Key takeaways from the report include:

  • Bad bot traffic overall increased even as people spent less time online. Legitimate human traffic dropped 28 per cent YoY, but bad bot traffic increased 102 per cent YoY — meaning that the percentage of bad bots out of overall traffic has increased even faster.
  • Automated attacks continued to grow. Web applications experienced a YoY increase in three common types of bot attacks. Carding attacks rose 134 per cent YoY, account takeover attacks rose 108 per cent YoY, and scraping rose 107 per cent YoY.
  • Certain industries experienced more bot attacks than others. Bad bots accounted for 57 per cent of traffic to online businesses in the Media and Streaming industry. Just under 50 per cent of traffic to companies in the Travel and Hospitality industry (49 per cent) and the Ticketing and Entertainment industry (46 per cent) was automated.
  • Bad actors conducted more bot attacks during top shopping periods. The holiday shopping season drew more automated attacks than the rest of the year; the peak day (October 25) saw 199 per cent more bad bot traffic than the yearly average.
  • Enterprise attackers prefer to hide behind desktop devices. 25.7 per cent of malicious requests appeared to come from mobile, as compared to 61 per cent of legitimate requests.
  • Attackers will utilize anonymizing proxy servers to look like normal human traffic. More than 68 per cent of worldwide malicious traffic came from U.S. proxy servers. That number drops to 47 per cent when looking only at traffic to non-U.S. applications and grows to 75 per cent for traffic to U.S. applications only.

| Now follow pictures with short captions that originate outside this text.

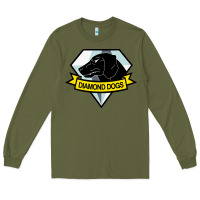 Army Green diamond dogs classic Long Sleeve Tee - artisFamous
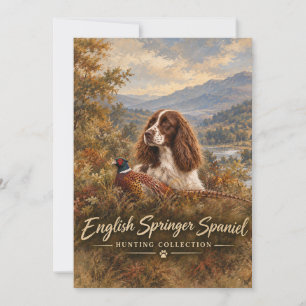 English Springer Spaniel Invitation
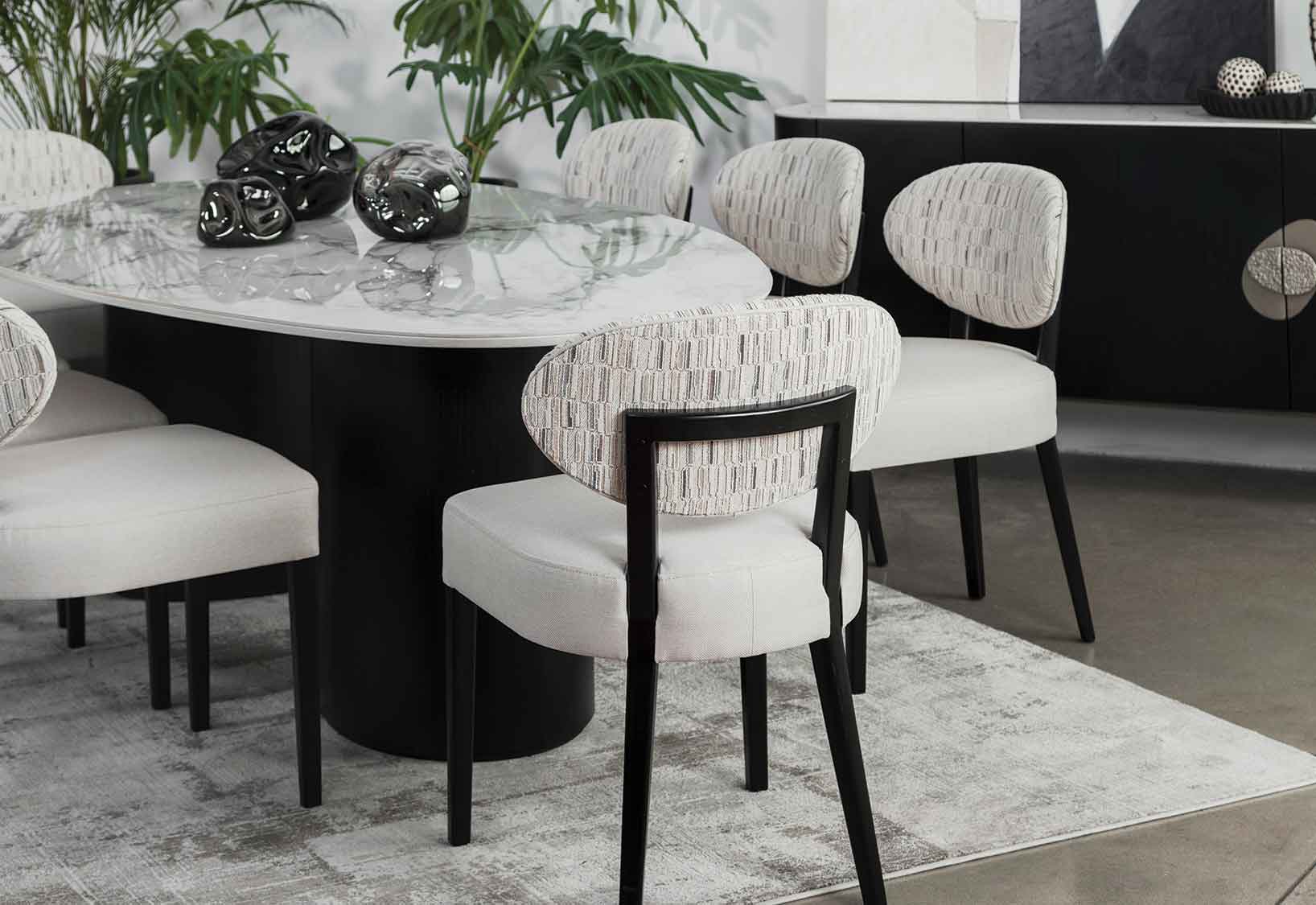 Mesa de Comedor Milano top porcelanato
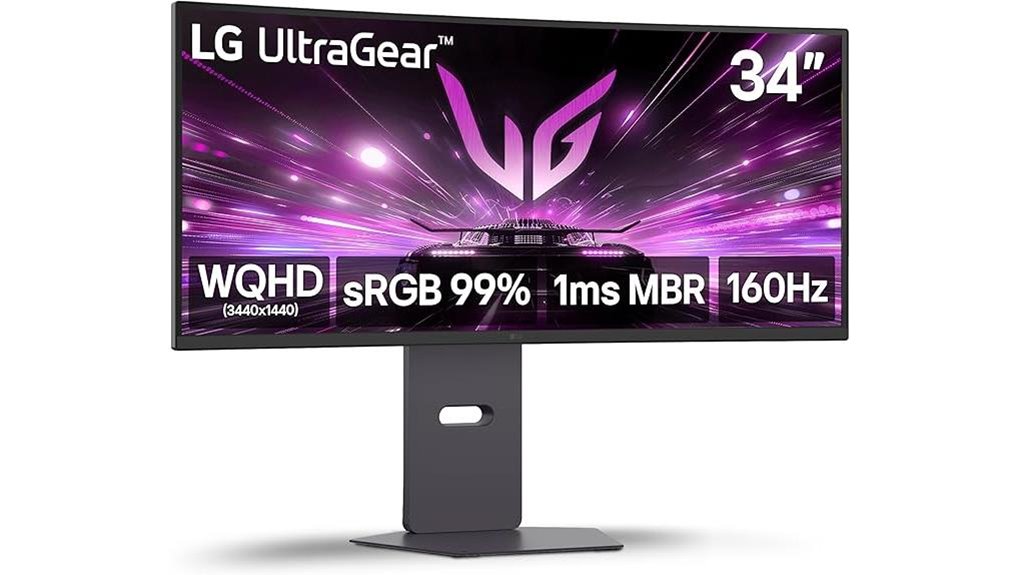 34 inch curved gaming monitor
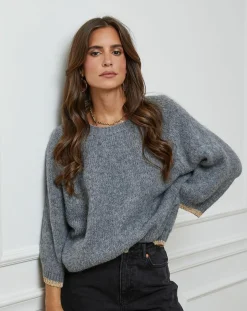 L'Armoire de Suzette Pulls|Pull Emma gris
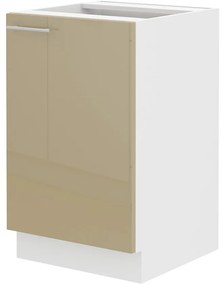 Alsó konyhaszekrény Lavera 60 D 1F BB (fehér + fényes cappucino). 1032372
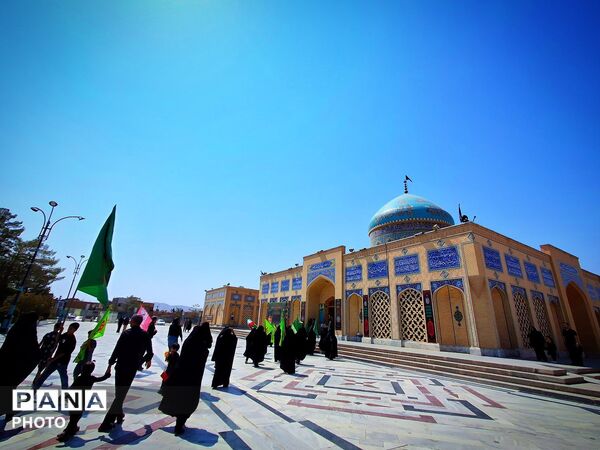 اجتماع خواهران خورشید در زیارتگاه شهید آیت‌الله مدرس (ره)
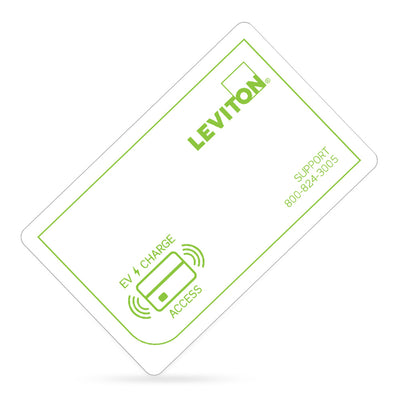 Leviton ERFID Additional Access Control (RFID) Card for use with Leviton EV320 and EV480 Level 2 Electric Vehicle Charging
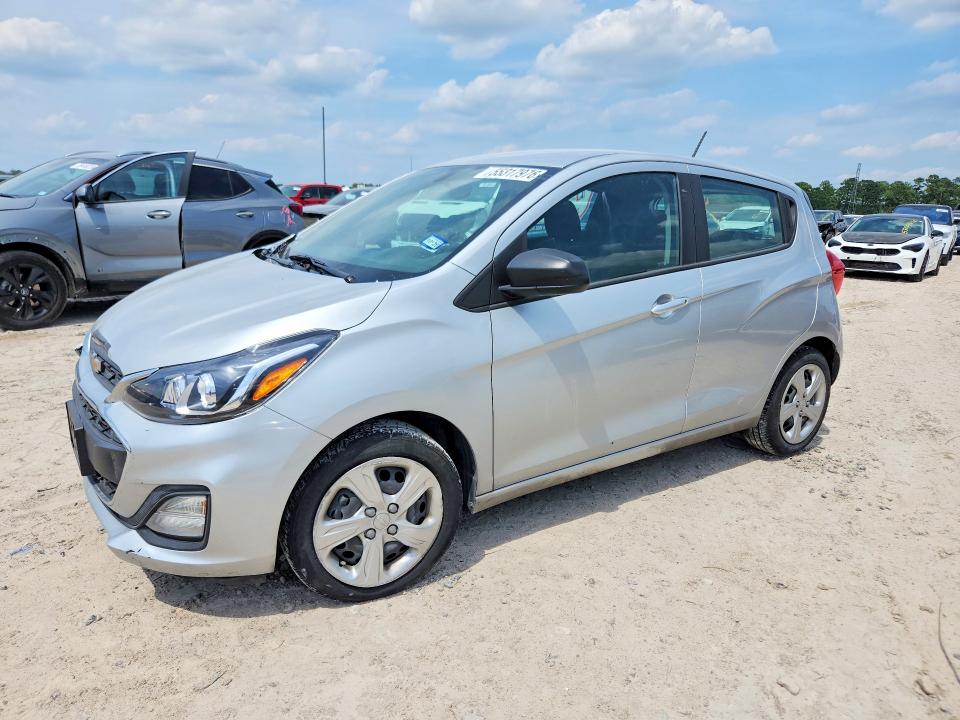 2020 Chevrolet Spark VIN KL8CB6SAXLC474954 COPART salvage auction — FRONT END, Tx - Salvage Vehicle Title, sold $2,650 on 2026-07-03 (photo 1)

“It’s clear that bots are a pervasive threat,” said HUMAN CISO Gavin Reid, “It is extremely easy for bad actors to conduct malicious bot attacks and fraud with minimal effort or risk.”

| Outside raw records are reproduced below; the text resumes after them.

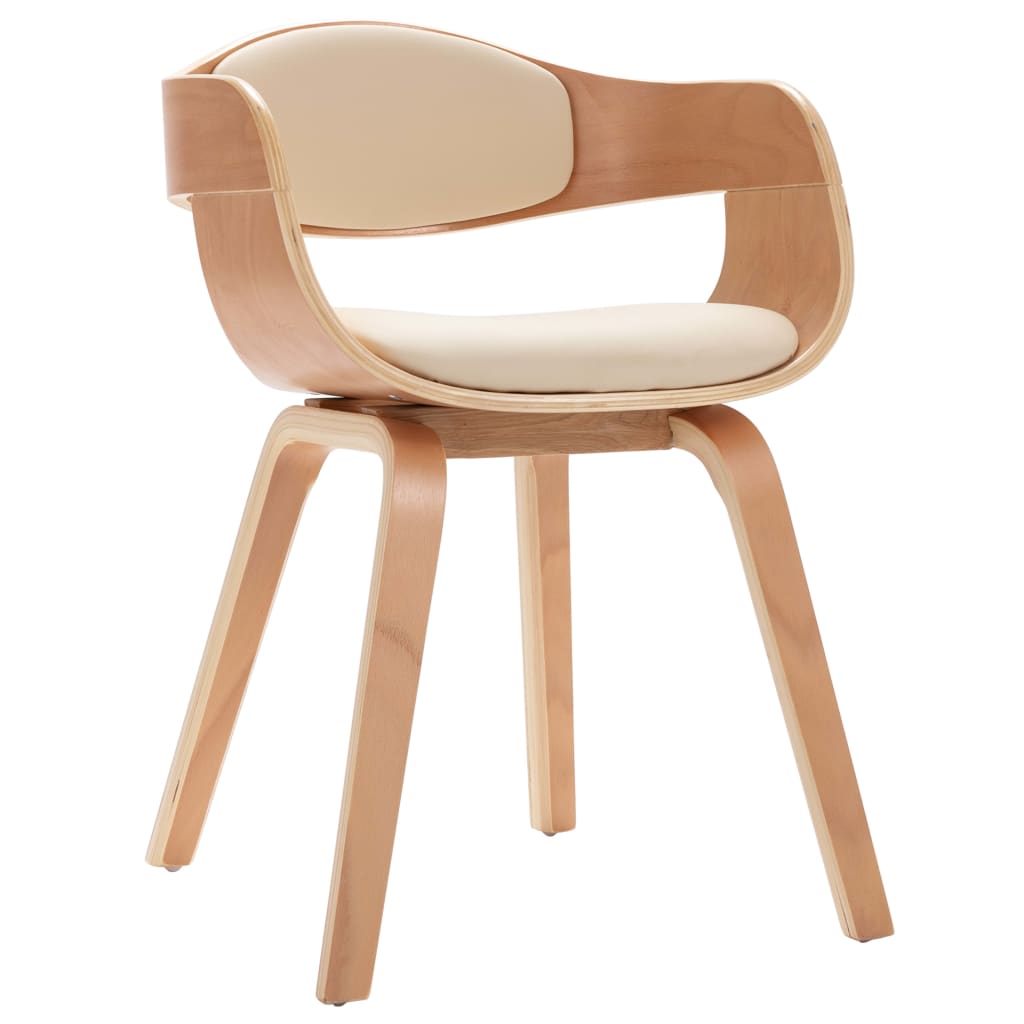 Eetkamerstoelen 2 St Gebogen Hout En Kunstleer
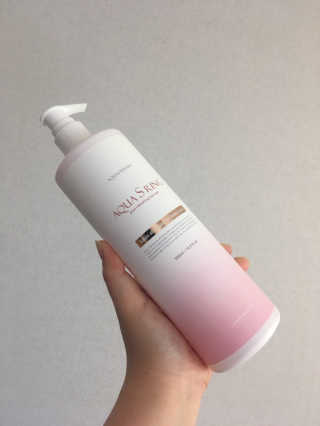 아쿠아큐링 아쿠아S링 퓨어리프레싱 헤어케어 500ml — 4.83점을 준 리뷰어가 2018년 8월 올린 사용 사진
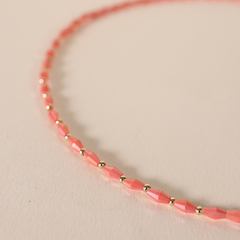 Collar Jacinta coral - comprar online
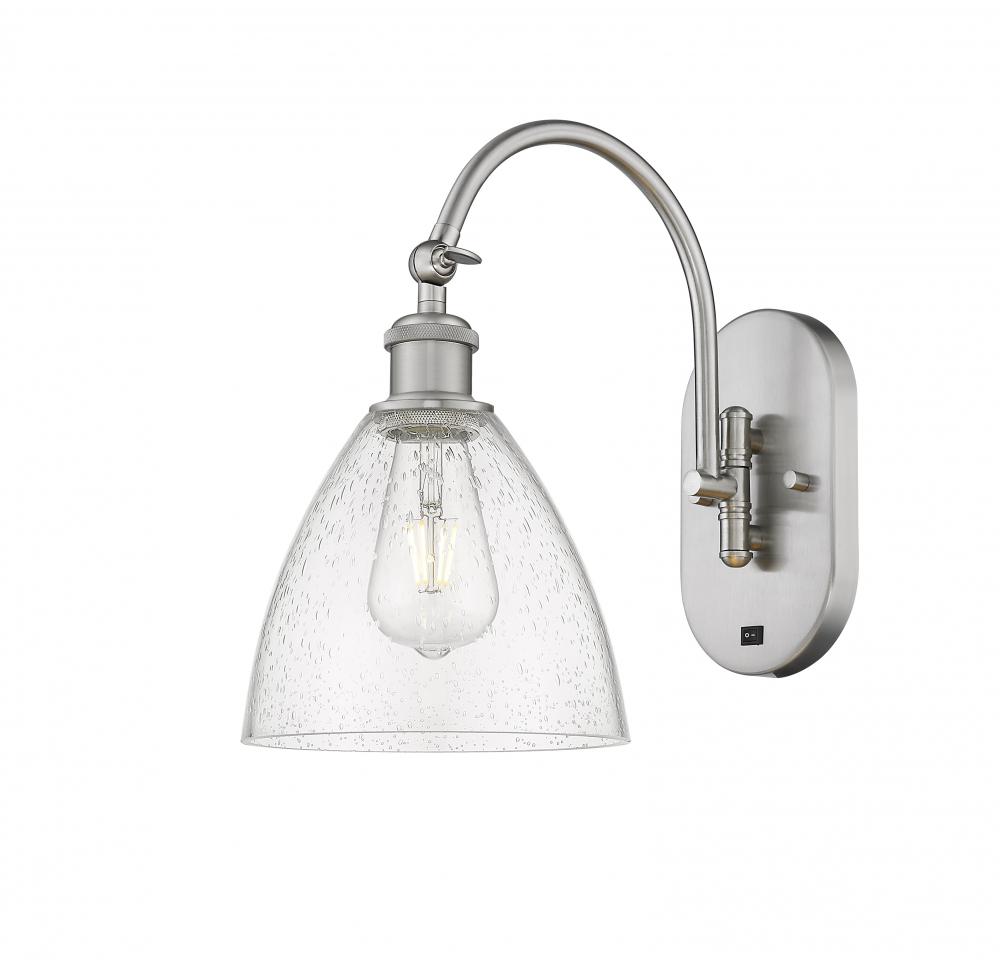 Bristol - 1 Light - 8 inch - Brushed Satin Nickel - Adjustable Swing Arm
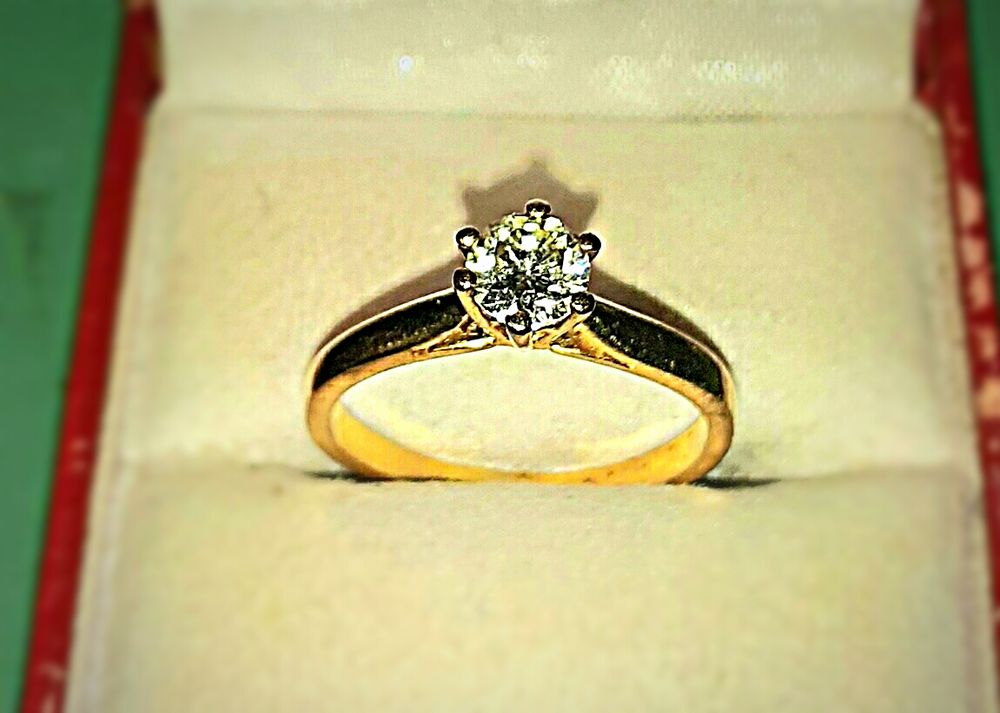 Diamant solitaire sur bague or 3000 Linexert (70)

The report emphasizes why it is critical for companies to understand the full scope of the bot problem for their own organizations and customers. As cyber criminals continue to evolve and adapt, businesses must remain vigilant by taking proactive measures to protect their assets. Achieving this requires a comprehensive and collaborative approach leveraging the principles of modern defence and collective protection to tip the scales and win against attackers.

HUMAN’s annual Enterprise Bot Fraud Benchmark Report is based on data gathered from the Human Defence Platform, which verifies the humanity of more than 20 trillion digital interactions per week. That is 33 million every second. These unique insights empower organizations to better defend against bot attacks and fraud that pose significant risks to their revenue and brand reputation.